English referee Darren Drysdale has apologized after he was seen locking heads with Ipswich Town midfielder Alan Judge during a match on Tuesday night – but some fans have backed the official over the angry clash.

Drysdale was seen butting heads with Republic of Ireland international Judge after the official turned down a penalty appeal from the footballer in the 90th minute of the League One encounter with Northampton Town.

A furious Judge was seen marching towards Drysdale, pointing his finger at the 49-year-old, who responded by moving his head towards the footballer in scenes usually witnessed in bust-ups between players rather than including the referee as a protagonist.

Drysdale was pulled apart from Judge by several players and then brandished a yellow card at the Ipswich ace – apparently for diving.

Tempers flared again in injury time after Drysdale sent off Ipswich’s Flynn Downes, making for a bad-tempered end to a game which finished goalless.

Ipswich boss Paul Lambert later said he had called on the football authorities to investigate the scenes, although the club did not file a formal complaint.

“I’ve texted Mike Jones (EFL head of referees) this morning to say have a look at the footage of the head thing,” Lambert told TalkSport.

“To me, in my opinion, it looks as if the referee went in there and I said to him after the game, ‘Did you put your head in my player?’

“He couldn’t answer it and that’s the reason I spoke to Mike. I haven’t seen that in a long, long while.”

Lincolnshire official Drysdale has now apologized, issuing a statement through the Professional Game Match Officials Limited (PGMOL) in which he admitted he “did not maintain his composure.”

“I can only apologize to Alan and Ipswich Town,” said Drysdale, who is a Royal Air Force (RAF) veteran.

“I fully understand it is important for us as referees to maintain our composure throughout the game and always engage with players in a professional manner. I’m sorry that I did not do that.”

PGMOL confirmed that the Football Association is investigating the scenes – although Drysdale garnered widespread support from fans online, many of whom felt that referees are already subjected to far too much abuse from recalcitrant players.

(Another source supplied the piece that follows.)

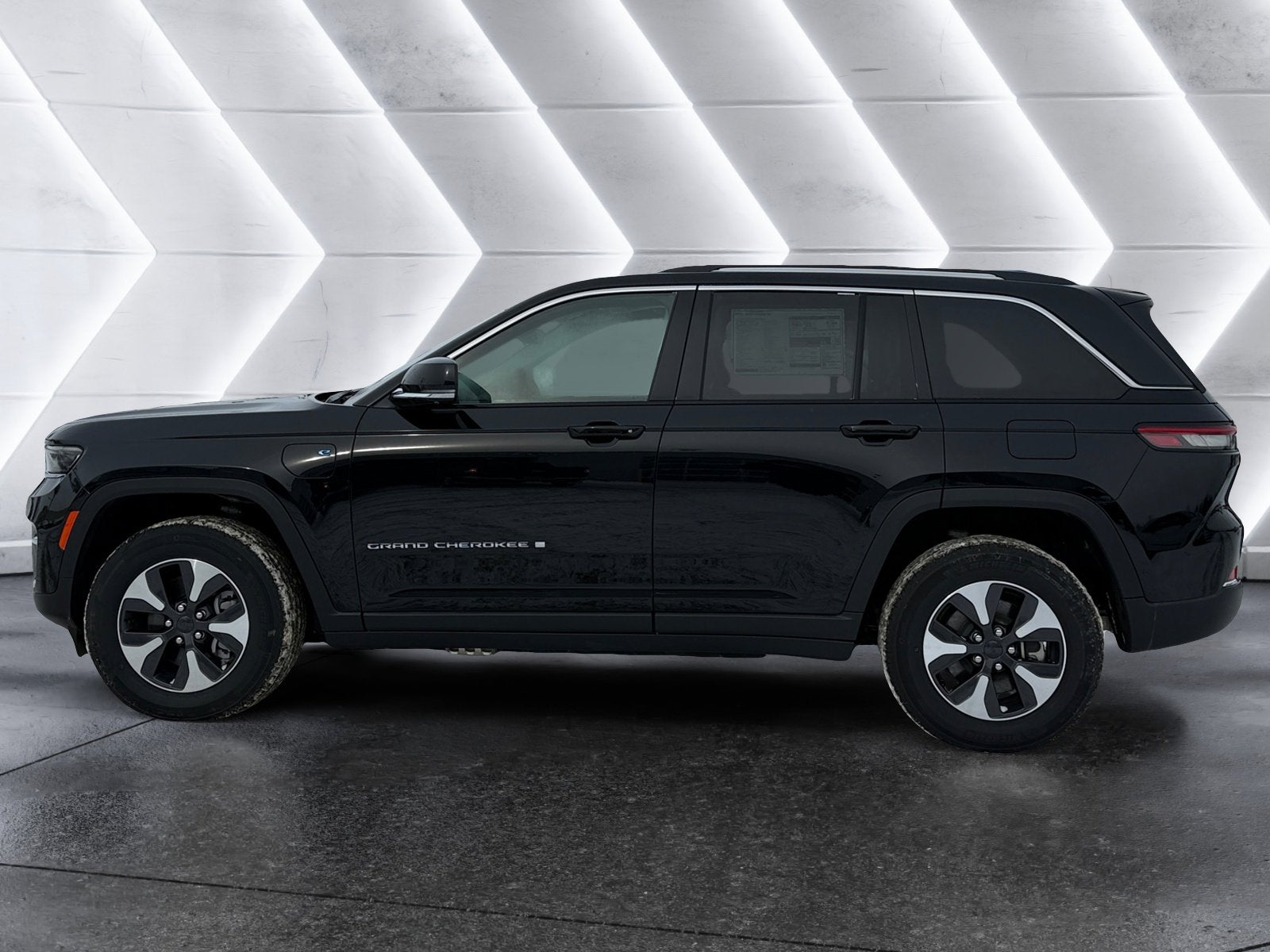 2024 Jeep Grand Cherokee 4xe 4xe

“More of this, he’s the ref, he holds the cards and makes the calls, bored of players shouting the odds at refs and getting away with it,” wrote one fan.

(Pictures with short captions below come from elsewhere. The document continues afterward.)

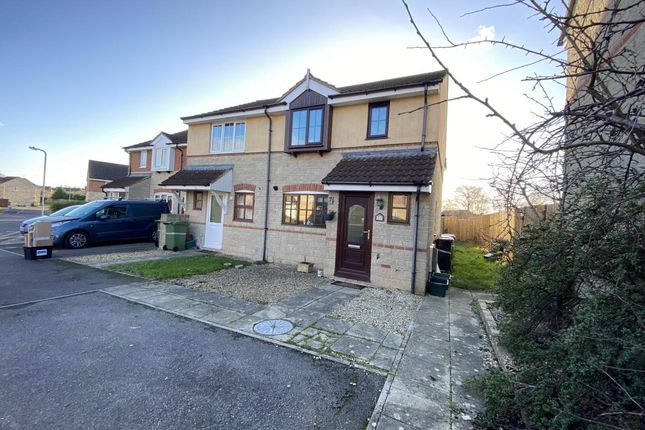 Thumbnail Property to rent in Wedmore Close, Frome, Somerset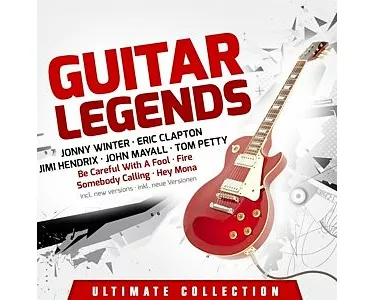 Guitar Legends-Ultimate Coll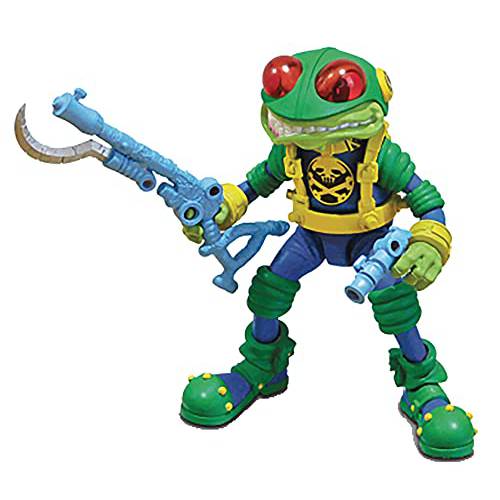 보스 Fight 스튜디오 Bucky O’Hare: Aniverse Storm Toad 트루퍼 액션 피규어, 다양한색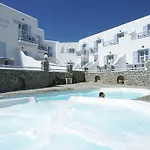 Hotell Dionysos Luxury Mykonos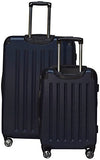 Kenneth Cole Reaction 8 Wheelin Expandable Luggage Spinner Wheeled Suitcase, 3 Pc Set , 29, 25 &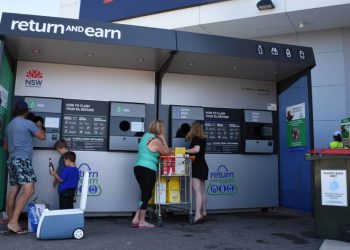 Program Return and Earn Atasi Sampah di New South Wales di Australia (Canberra Times)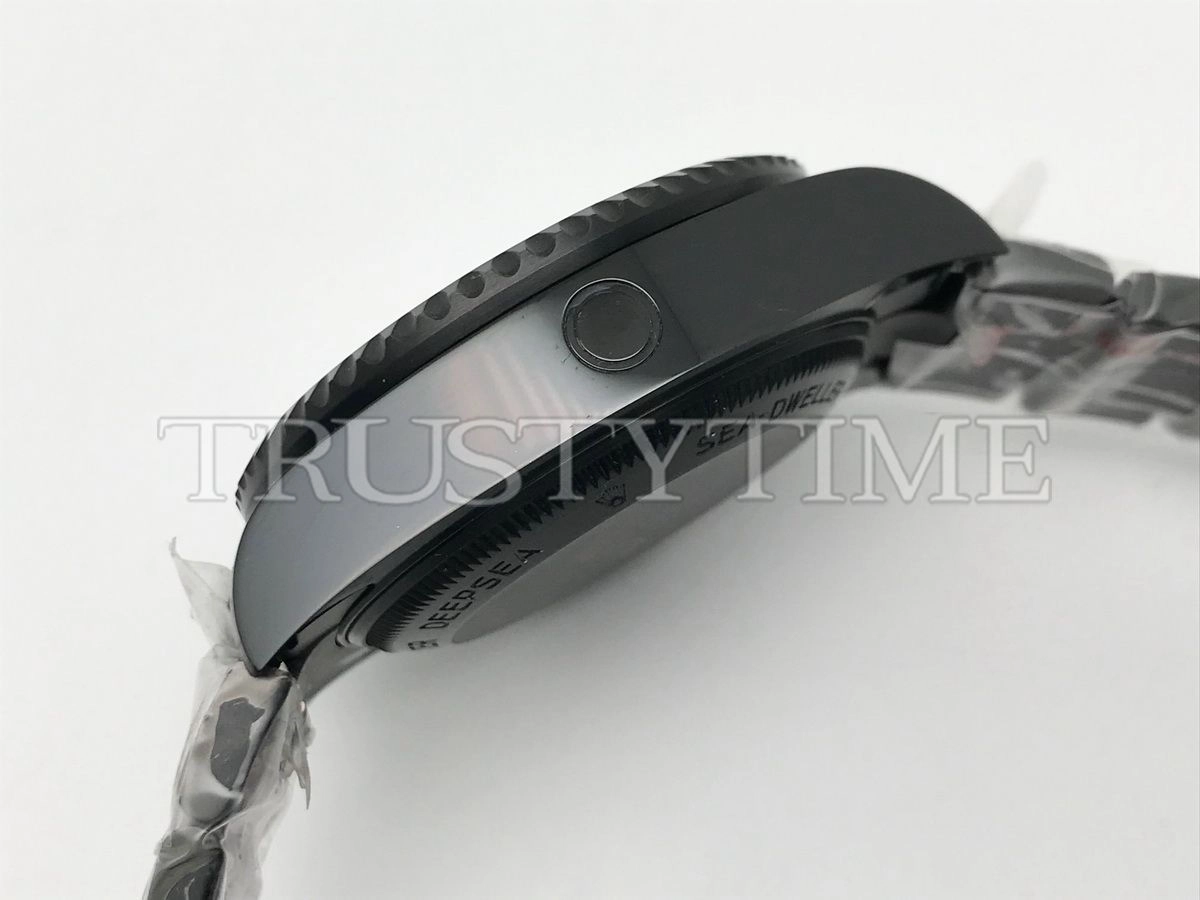 Копия часов Rolex Sea-Dweller Deepsea Blaken 44mm Арт.RX-2307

“How is the ref being made to be the bad guy here? Players need to get told, they give the ref’s grief all game long like they can do and say what they want,” added another.

“Not sure what was said but you can see the player making a move first by aggressively walking towards the ref. The refs are easy targets for some idiots but the ref pulled his card out and carried on,” read another voice of support for Drysdale.

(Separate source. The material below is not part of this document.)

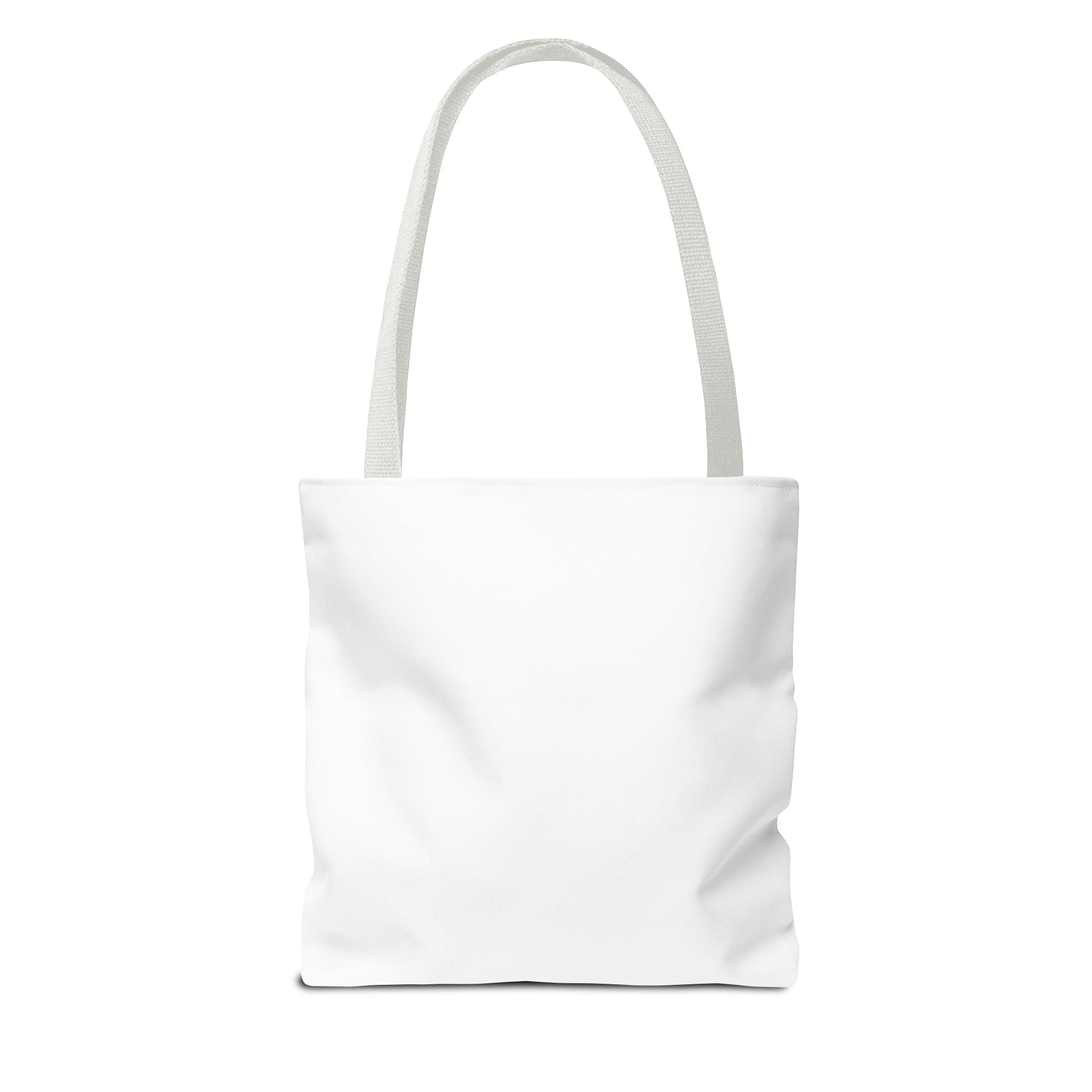 Tote Bag — All‑Over Print, Durable Polyester (3 Sizes)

One person added: “I’ve personally got no problem with that. He’s maybe done a little bit more than stood his ground but he’ll have been taking stick for years. I used to prefer refs who would tell you how it is, if it’s industrial language both ways away from the crowd then that’s fine by me.”

Others even harked back to the days of Italian refereeing legend Pierluigi Collina, pointing to his no-nonsense style.  

Elsewhere, some fans disagreed however, asserting that Drysdale was firmly in the wrong and as a match official must rise above taunts from players.

“Surely a professional referee can control the game & control himself but obviously not,” wrote one critic.

“Really struggling to understand the calls for “more of this” from referees. Players are sent off for doing this, there’s no excuse for an official to behave this way. If you can’t control the game without getting physically aggressive towards players, get a new job,” added another.

Drysdale, who has also reached assistant referee level in the Premier League as well as with UEFA and FIFA, will now await his fate at the hands of the football authorities, and could be on the receiving end of punishment rather than dishing it out.